By Dan Walters - dwalters@sacbee.com

Published 12:00 am PDT Monday, July 14, 2008
Story appeared in MAIN NEWS section, Page A3

Print | | | |

One of the more irritating aspects of the state budget wrangle – albeit also one of the more intriguing – is the sheer amount of factual error, historical revisionism, supposition and mathematical nonsense that sloshes around.

One might expect it on Internet battle sites and other forums patronized by members of the general public, perhaps – especially a public that, polls tell us, wants neither to make major spending cuts nor to shoulder more taxes to close the chronic budget deficit.

The ether is alive with fantasy-based "solutions" to the state's budget dilemma that utterly ignore the fact that the vast majority of the money in the state budget is actually aid to schools, colleges and local governments.

Nonsense, however, is less acceptable from politicians and budget interest groups that know better.

When Democratic legislators unveiled their newest version of the budget last week, including $8.2 billion in new taxes, it touched off new emissions, if not admissions, of erroneous verbiage.

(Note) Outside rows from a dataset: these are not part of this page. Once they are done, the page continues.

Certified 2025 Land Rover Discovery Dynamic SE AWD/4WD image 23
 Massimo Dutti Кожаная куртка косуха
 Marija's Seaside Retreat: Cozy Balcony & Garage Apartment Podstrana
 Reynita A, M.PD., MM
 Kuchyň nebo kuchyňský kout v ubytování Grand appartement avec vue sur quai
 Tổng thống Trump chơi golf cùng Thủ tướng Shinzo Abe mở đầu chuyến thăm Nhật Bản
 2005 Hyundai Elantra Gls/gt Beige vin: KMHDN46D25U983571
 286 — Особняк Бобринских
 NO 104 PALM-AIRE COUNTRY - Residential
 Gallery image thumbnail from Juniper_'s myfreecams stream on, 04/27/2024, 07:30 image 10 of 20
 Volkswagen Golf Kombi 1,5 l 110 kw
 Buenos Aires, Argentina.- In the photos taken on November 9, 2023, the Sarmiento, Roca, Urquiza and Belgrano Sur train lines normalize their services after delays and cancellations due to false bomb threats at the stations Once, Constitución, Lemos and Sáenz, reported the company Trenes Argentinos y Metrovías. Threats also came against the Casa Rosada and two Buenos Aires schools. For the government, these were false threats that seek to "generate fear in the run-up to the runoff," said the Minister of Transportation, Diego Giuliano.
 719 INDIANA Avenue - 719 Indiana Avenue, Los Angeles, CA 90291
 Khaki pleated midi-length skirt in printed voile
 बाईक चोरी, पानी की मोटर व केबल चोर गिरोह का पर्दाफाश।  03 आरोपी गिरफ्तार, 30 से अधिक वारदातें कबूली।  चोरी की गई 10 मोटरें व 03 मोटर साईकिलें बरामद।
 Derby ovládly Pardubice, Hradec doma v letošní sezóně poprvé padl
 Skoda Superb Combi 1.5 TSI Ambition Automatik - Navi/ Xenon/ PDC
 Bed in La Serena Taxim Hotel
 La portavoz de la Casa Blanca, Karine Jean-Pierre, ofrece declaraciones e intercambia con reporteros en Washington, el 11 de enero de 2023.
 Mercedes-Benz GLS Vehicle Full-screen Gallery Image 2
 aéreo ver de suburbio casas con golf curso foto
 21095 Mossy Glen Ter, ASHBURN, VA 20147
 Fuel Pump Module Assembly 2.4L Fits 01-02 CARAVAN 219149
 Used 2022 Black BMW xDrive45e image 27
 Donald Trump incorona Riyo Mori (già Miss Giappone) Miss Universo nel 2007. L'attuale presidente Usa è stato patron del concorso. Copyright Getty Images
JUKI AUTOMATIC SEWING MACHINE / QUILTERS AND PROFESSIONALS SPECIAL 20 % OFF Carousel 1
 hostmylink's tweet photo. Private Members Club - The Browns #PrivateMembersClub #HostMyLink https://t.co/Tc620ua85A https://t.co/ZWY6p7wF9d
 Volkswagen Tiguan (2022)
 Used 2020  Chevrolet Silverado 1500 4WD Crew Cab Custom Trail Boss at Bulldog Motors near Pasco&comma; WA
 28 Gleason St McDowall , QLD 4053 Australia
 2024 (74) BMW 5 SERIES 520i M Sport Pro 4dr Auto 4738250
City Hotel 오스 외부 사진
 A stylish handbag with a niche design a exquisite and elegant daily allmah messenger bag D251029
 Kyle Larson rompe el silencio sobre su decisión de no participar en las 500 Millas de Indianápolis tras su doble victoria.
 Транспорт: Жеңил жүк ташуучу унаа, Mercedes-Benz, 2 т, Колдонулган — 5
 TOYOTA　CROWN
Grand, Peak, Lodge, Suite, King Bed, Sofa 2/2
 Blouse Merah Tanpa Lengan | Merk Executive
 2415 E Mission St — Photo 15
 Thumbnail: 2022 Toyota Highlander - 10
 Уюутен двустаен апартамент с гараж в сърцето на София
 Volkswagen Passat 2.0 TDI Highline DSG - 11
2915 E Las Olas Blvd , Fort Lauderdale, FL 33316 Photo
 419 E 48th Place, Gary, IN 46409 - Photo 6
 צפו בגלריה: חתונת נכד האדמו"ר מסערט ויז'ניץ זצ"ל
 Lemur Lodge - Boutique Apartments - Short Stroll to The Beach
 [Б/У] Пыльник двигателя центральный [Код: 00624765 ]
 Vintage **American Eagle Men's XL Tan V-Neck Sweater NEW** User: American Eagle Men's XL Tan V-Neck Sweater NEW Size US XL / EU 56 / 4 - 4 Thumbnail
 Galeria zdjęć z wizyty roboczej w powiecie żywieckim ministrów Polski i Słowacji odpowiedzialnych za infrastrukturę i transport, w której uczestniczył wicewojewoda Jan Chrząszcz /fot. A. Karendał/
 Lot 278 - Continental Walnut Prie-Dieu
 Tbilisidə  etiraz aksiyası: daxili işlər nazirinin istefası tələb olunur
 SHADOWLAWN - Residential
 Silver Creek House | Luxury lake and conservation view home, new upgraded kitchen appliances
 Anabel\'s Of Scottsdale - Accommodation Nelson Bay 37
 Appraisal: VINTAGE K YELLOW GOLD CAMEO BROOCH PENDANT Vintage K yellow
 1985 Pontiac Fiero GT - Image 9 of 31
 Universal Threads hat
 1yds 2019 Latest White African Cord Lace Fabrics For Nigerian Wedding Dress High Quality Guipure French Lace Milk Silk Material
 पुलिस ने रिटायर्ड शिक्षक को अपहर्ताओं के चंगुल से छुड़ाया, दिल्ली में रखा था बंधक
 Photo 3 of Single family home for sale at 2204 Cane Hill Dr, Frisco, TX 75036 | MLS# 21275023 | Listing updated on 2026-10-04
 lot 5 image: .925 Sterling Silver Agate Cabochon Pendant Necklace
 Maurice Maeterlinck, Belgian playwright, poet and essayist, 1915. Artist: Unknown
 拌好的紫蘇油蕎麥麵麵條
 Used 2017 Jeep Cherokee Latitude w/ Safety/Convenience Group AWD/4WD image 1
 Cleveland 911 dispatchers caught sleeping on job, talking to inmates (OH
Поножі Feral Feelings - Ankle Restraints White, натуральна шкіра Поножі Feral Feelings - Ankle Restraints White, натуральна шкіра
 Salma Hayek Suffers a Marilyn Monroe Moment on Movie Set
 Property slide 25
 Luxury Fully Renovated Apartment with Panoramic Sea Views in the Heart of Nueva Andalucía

Democrats howled that state-supported services could not sustain any more reductions and drew "a line in the sand." But neither they nor Gov. Arnold Schwarzenegger can adequately explain how the state's revenues could rise from $70 billion a year in 2003-04, when Schwarzenegger first became governor on a pledge to end "crazy deficit spending," to $100 billion today and yet the budget's deficit is much bigger. Where'd all that money go?

Democrats also claimed that by raising income taxes on those in upper income tiers, they were merely doing what Republicans, including then-Gov. Pete Wilson, did in the early 1990s when the state faced a budget problem that was, in relative terms, twice as bad as this one. So by their reckoning they're not raising taxes so much as restoring them to where they should be.

They neglect to add, however, that the taxes raised during that era, both income and sales taxes, were temporary whereas most revenue boosts the Democrats want this year would be permanent. And they also failed to mention that Wilson said later he regretted doing it.

Republicans, meanwhile, contend that despite the Wilson-era tax increases, state revenues declined, thus "proving" that raising taxes would worsen the economy. Yes, the 1990s recession did deepen and revenues did slide, but it's about 99 percent certain that there was no cause-and-effect relationship. It was the worst California recession in a half-century, and its primary cause was a collapse of the Southern California aerospace industry due to Pentagon spending cutbacks in the wake of the Cold War – cutbacks that were several times as large as the state tax increase.

Whether the state extracts a larger portion of the personal revenue stream and spends it or the money remains in private hands and is spent makes little economic difference. The money still circulates in the economy. Furthermore, the $8.2 billion is a tiny fraction of the eighth-largest economy in the world, only about one-half of 1 percent of Californians' personal income.

Would it then lead, as critics contend, to high-income Californians fleeing to states with lower or zero income taxes, such as Nevada, rather than pay their new levies? A few might, but those affected are a tiny number of very high-income taxpayers, and the new state taxes would be deductible on their federal income tax returns, reducing the net bite by about one-third.

There is a legitimate criticism of raising income taxes on the wealthy – that it increases the state's dependence on a relatively volatile revenue source, which is deadly when combined with very rigid spending formulae.

But the notion that a relatively small package of taxes would have big economic impacts is pure sophistry – or cynical propaganda.